As Minot legislators and local officials looked over his shoulder, Gov. Jack Dalrymple signed an appropriations bill Thursday that includes $61 million in flood protection assistance for Minot and Ward County.
Dalrymple held a news conference in Minot City Hall to highlight legislation passed by the 2013 Legislature that benefits Minot. The largest sum coming to the area is the money for property acquisitions and continued engineering related to a proposed flood protection project.
"That bill is more meaningful than it has ever been in state history," Dalrymple said. "Hundreds of millions of dollars in money for water projects, flood protection, water supply of all kinds. In that bill is $61 million for Minot and Ward County for flood protection in the Souris River area. Most of that money is going to be available on a very flexible basis to acquire properties that are going to be needed for permanent flood protection."
Gov. Jack Dalrymple signs House Bill 1020, funding the State Water Commission, at Minot City Hall Thursday in the attendance of the Minot legislation delegation and county and city officials.

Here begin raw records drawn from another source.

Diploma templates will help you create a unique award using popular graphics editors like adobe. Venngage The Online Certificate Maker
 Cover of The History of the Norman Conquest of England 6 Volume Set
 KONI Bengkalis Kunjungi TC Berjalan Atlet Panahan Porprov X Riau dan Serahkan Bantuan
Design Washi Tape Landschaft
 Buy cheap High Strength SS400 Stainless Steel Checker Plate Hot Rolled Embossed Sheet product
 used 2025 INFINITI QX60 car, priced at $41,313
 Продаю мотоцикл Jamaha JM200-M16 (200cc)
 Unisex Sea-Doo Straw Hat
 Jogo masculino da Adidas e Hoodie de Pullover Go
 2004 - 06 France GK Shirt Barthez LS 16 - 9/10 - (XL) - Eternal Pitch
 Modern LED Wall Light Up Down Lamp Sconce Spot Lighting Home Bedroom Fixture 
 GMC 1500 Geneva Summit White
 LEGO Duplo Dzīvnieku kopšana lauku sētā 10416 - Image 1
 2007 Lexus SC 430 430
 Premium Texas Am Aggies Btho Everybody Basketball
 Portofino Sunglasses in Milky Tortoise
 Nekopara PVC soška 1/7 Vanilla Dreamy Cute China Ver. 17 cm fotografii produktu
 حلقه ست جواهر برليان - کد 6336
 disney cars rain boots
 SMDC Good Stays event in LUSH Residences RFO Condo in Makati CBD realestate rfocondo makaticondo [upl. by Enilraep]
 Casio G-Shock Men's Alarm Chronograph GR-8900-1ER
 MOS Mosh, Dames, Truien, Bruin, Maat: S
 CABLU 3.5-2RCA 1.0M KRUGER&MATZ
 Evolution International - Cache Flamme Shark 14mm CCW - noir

Dalrymple noted that the state already has provided about $200 million in response to the 2011 Souris River flooding, plus $50 million in money received by the state from the federal government.
"I think the state has really stepped up, but we continue to do so. This is an ongoing story," he said.
The governor said the state expects to contribute financially in future legislative sessions as flood protection as plans move forward for the Souris River valley. There's still a possibility that a flood protection plan for the river basin will become a U.S. Corps of Engineers project, he said. Property acquisitions and engineering being done in the meantime in Minot and Ward County can be incorporated into a basinwide project later, he said.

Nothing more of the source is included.